There's an old log cabin that one of the original settlers built, with a tiny kitchen, tiny living room, and bed in the loft right under the rafters. One of the things that you notice in these old houses is how tiny the rooms are. The concept of personal space is so radically different from our own that one wonders how one had a private life way back when. The answer is, of course, that one didn't. Given the nature of the "we're all in this together" mentality of this settlement, that's probably a good thing.
This last statement serves as a graceful segue into why the Swedes ended up here in the first place. In the late 1860s, about 50 or so of them initially were invited by the then-governor of Maine to settle the northern reaches of the state so that somebody lived up there. He figured correctly that the climate and topography were similar to that of Sweden and thus they would thrive here. There are a number of settlements up here that are very Swedish (Stockholm, Maine, is just up the road), and it does seem as if the settlers managed to carve out a living and preserve their culture well. It wouldn't be hard to preserve the culture; New Sweden is off the beaten track even today, and in 1870, when the original colonists arrived, it must've been twenty miles past the back of beyond. There's a memorial marker near the premises of these buildings that marks the spot of the original settlement, and it mentions the names and dates of all the original settlers. A number of the inscriptionns are very poignant. Many colonists died before their second or third birthdays. It must have been a very hard life.

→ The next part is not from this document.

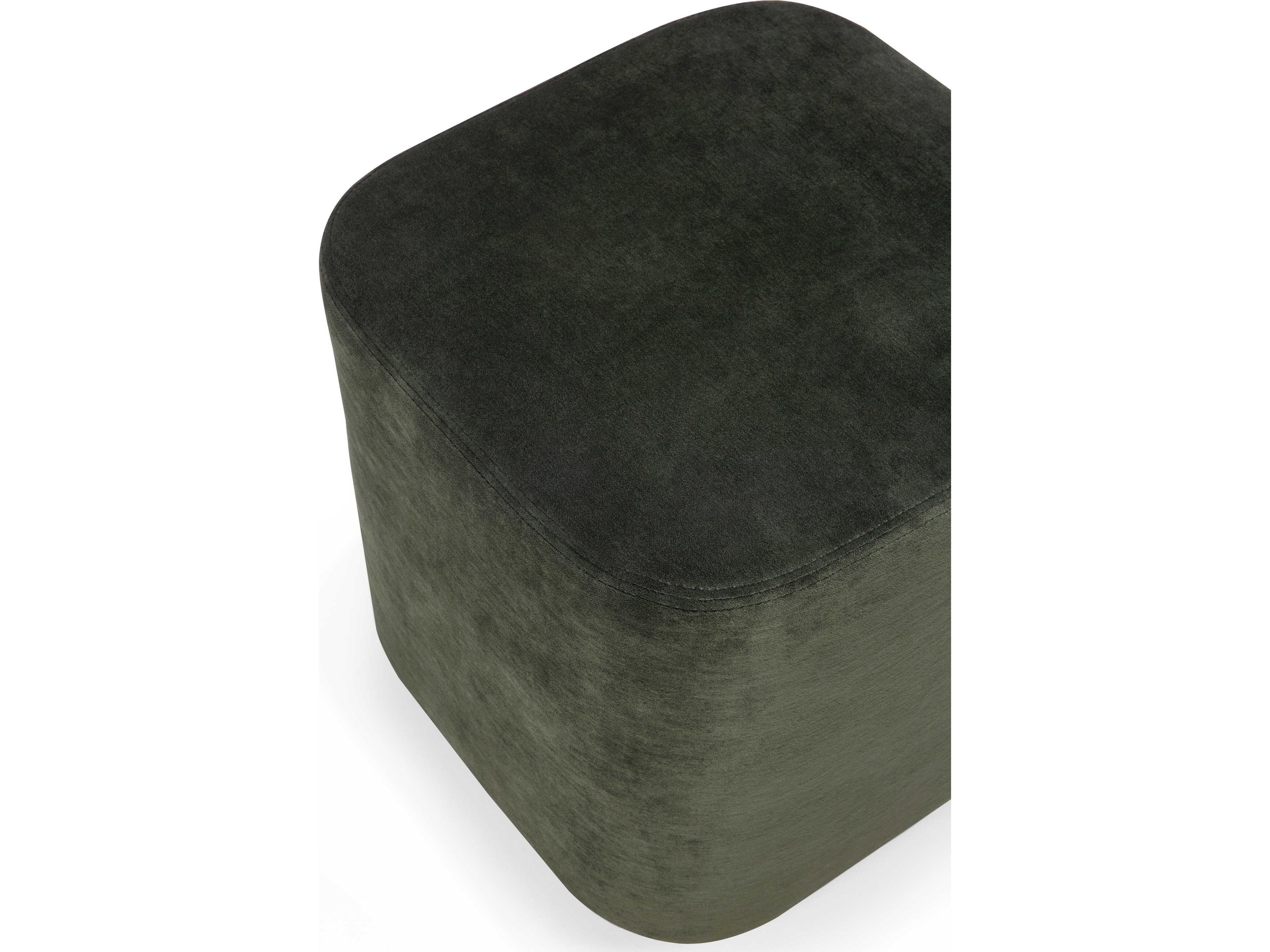 Ethnicraft Cube Forest Pouf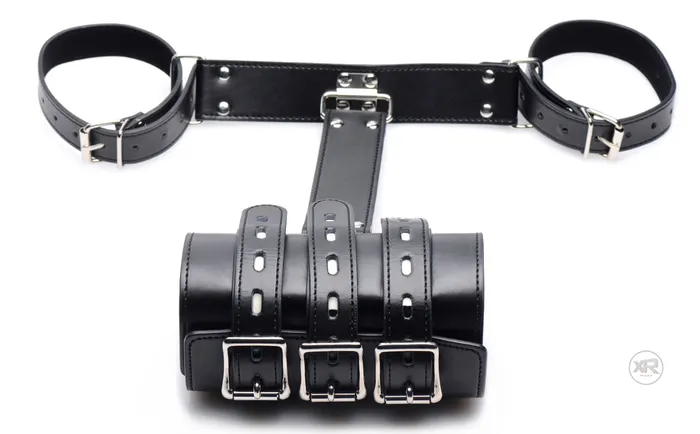 XR Brands Strict Vibrators Strict Arm Binder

Further down the road is a working blacksmith's shop and a two-story log cabin of one of the more prosperous settlers, both of which are on the National Register of Historic Places. The view from these buildings is spectacular. Both are set on a bluff overlooking the Aroostook River Valley, and you can see all the way over the piney rolling forests to Mars Hill, about 30 miles south. Again, the house reminded me of why I would not have made a good pioneer. This was the house of a prosperous Swedish settler, mind you, at the top of the social ladder, and the rooms were still tiny and certainly drafty cold. It was like walking in a 3/4 size house. Even so, it was charming and left in its original state, right down to the Swedish newspapers used as wallpaper in the less public rooms, the sawdust used as insulation between the wallboards, the one-foot deep closets, the genteel and fragile furniture in the parlor, and the very big woodstove in the kitchen.
There were two blacksmiths working in the smithy's shop, and they were fascinating. I'd never seen smithing done, and the village smith must have been an important man because he made, well, everything the settlers needed: nails, farm implements, tools. Two little kids there was enthralled, having never seen metal that was red-hot and could be bent and hammered into malleable shapes.
For lunch, we had red hot dogs (I assume that these are not authentically Swedish). In The County, hot dogs have bright red casings. I have no idea why. Nobody else did, either. We finished that off with maple ice cream. There was a public dinner that we could not attend, as we were meeting another friend for dinner in St. Agatha, so we missed the Swedish meatball supper. (Are Swedish meatballs Swedish?) But the festival itself was great fun: low-key, utterly local, utterly charming.